GENEVA (Reuters) - Eritrea is running a forced labor program that is spawning human rights violations and fuelling a refugee exodus, according to a report that will be debated next month at the U.N. Human Rights Council.
Sheila B. Keetharuth, an independent investigator who is the U.N. “special rapporteur” on human rights in Eritrea, wrote that torture, sexual violence and extra-judicial killings “continue unabated” in the Horn of Africa country.
Her report said that fear and experience of national service - an indefinite conscription that amounts to forced labor - were prompting many people to flee the country.

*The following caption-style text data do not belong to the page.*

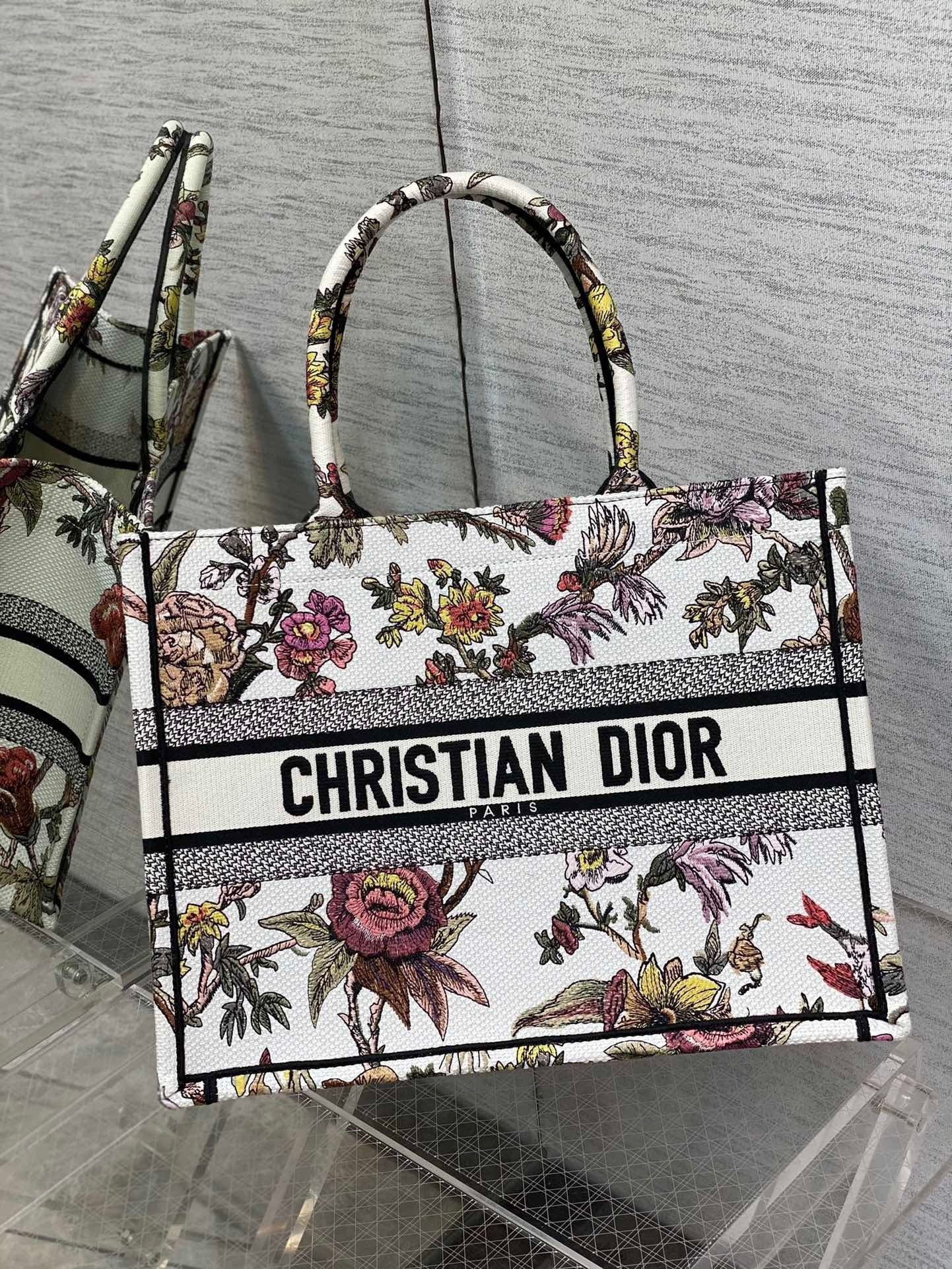 Dior Medium Book Tote Bag In White Multicolor Jardin Botanique Embroidery 386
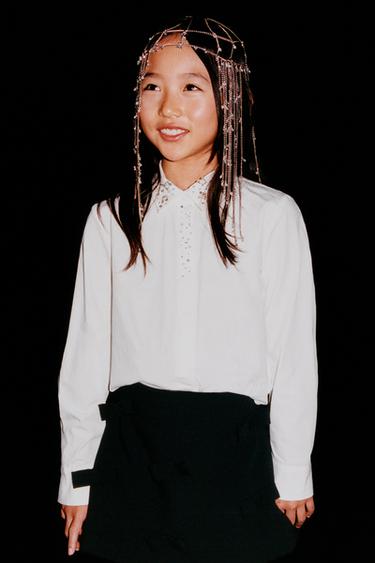 JEWEL COLLAR SHIRT - White by Zara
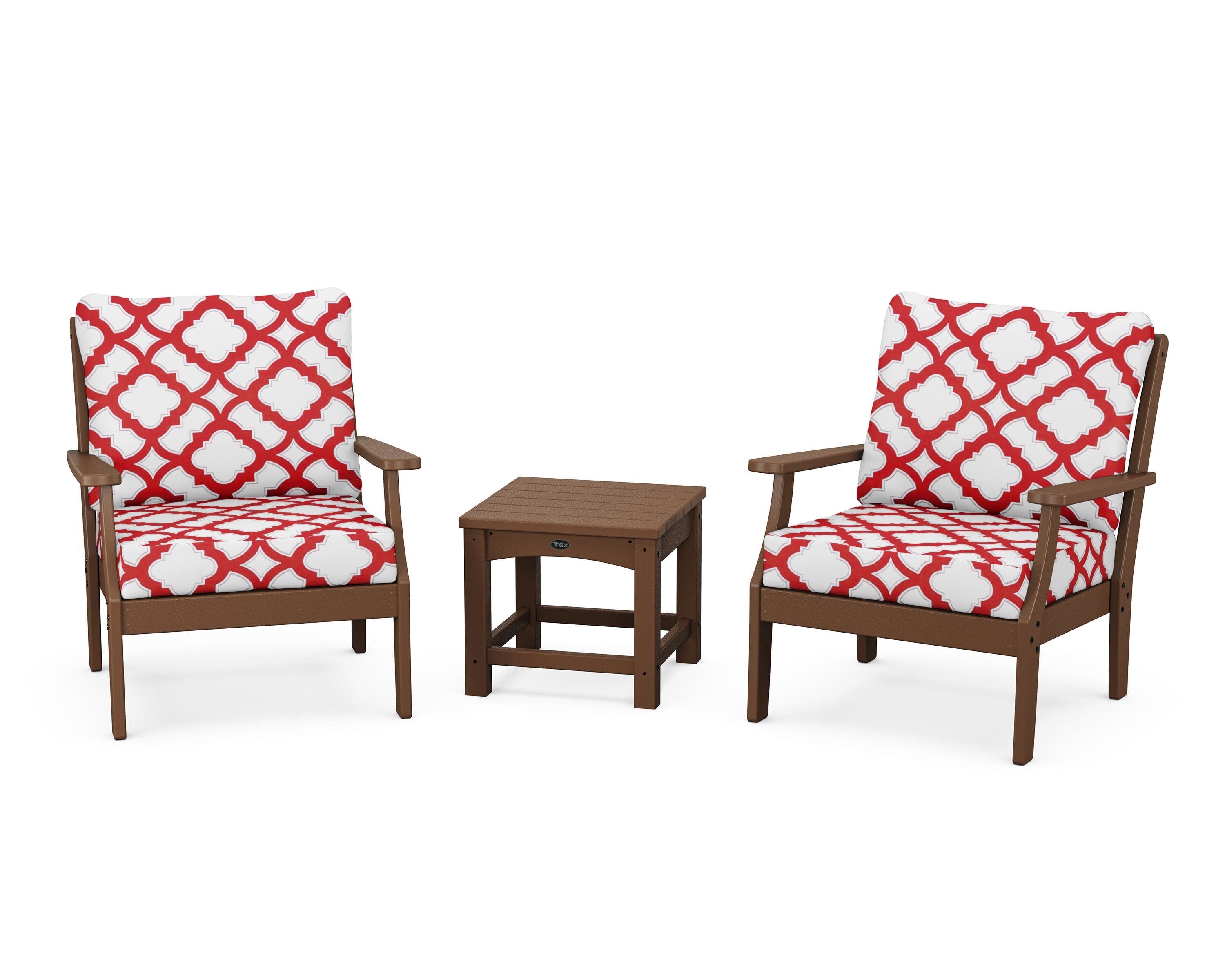 Yacht Club 3-Piece Deep Seating Set in Tree House / Trellis Crimson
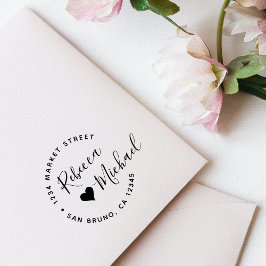 Carimbo De Borracha Coração e Texto redondo Elegante Endereço de Devol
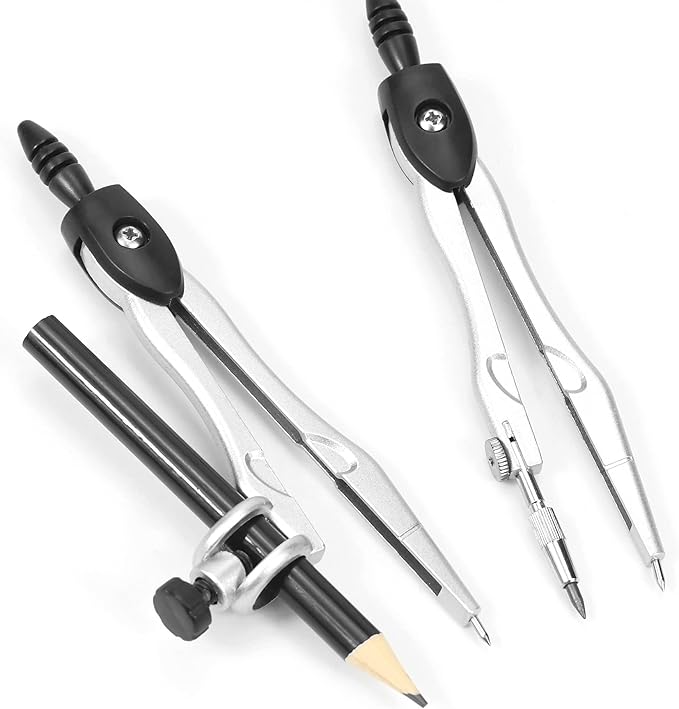 10 Pieces Math Geometry Kit Set Student Supplies with Shatterproof Storage Box,Includes Rulers,Protractor,Compass,Eraser,Pencil Sharpener,Lead Refills,Pencil,for School and Drawings(Black)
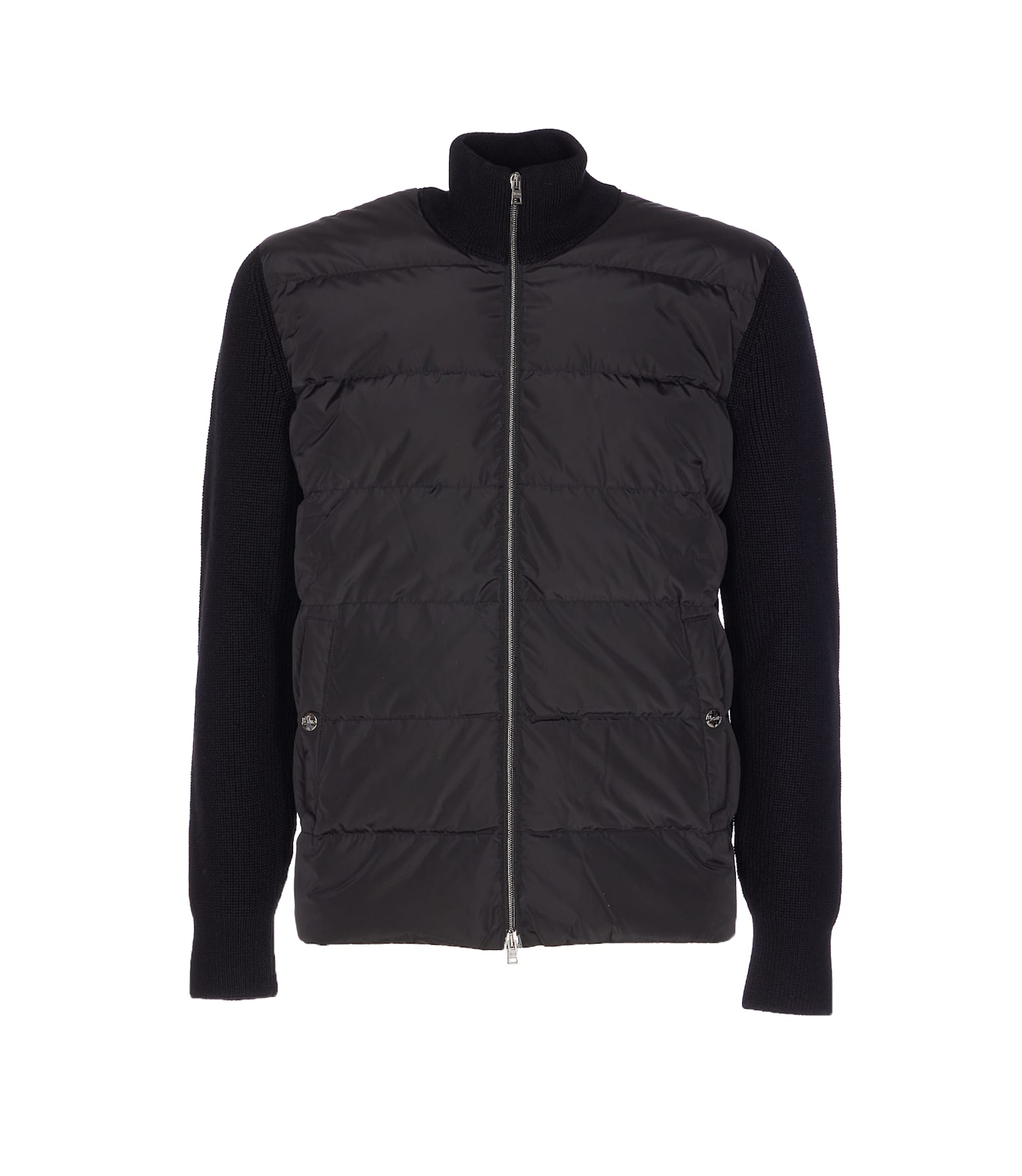 Herno Knitted And Padded Cardigan In Black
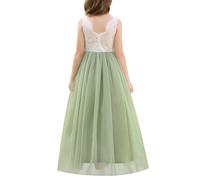 Odizli Blumenmädchenkleider Prinzessin Kleid Mädchen Kinder Ärmellos Spitze Rückenfreies A-Linie Tüllkleid Festlich Hochzeit Erstkommunion Kommunionkleid Abendkleid Lang Ballkleid Grün 7-8 Jahre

“The military police carries out routine conscription round-ups, known as ‘giffas’, in homes, workplaces, the street or other public places, with the aim of rounding up persons considered fit to serve, draft evaders and those who escaped from national service; including minors,” the report said.
“Opposing such a round-up can lead to on-the-spot execution, as deadly force is permitted against those resisting or attempting to flee,” it added. The Human Rights Council will debate the findings in Geneva on June 16.
The U.N. refugee agency UNHCR estimates that 2,000 people of Eritrea’s 6 million population are fleeing every month, the report said, and their relatives are forced to pay fines of 50,000 nafka (about $3,350) for each family member who has left.
Most Eritreans cannot afford such a sum, so a family member may be detained until the money is paid, or business licenses or property may be confiscated, the report said.
Eritreans are the most numerous among those attempting the risky crossing from North Africa to Europe by boat, a trip that has killed hundreds so far this year.
The government began its program of national service in 1995 but it has turned into an indefinite conscription, the report said. Many people are put to work in reforestation, soil and water conservation and reconstruction.
Eritrea dismisses charges of rights abuses and says it has indefinite military service due to a festering border dispute with Ethiopia.
Keetharuth’s report said draft evaders and deserters “face heavy punishment, including lengthy periods of detention, torture and other forms of inhumane treatment.” Many women who are drafted are raped by army commanders, or punished for resisting.
Keetharuth asked to visit Eritrea for her investigation, but was refused entry. She collected evidence from Eritrean refugees in four countries and plans to visit three more.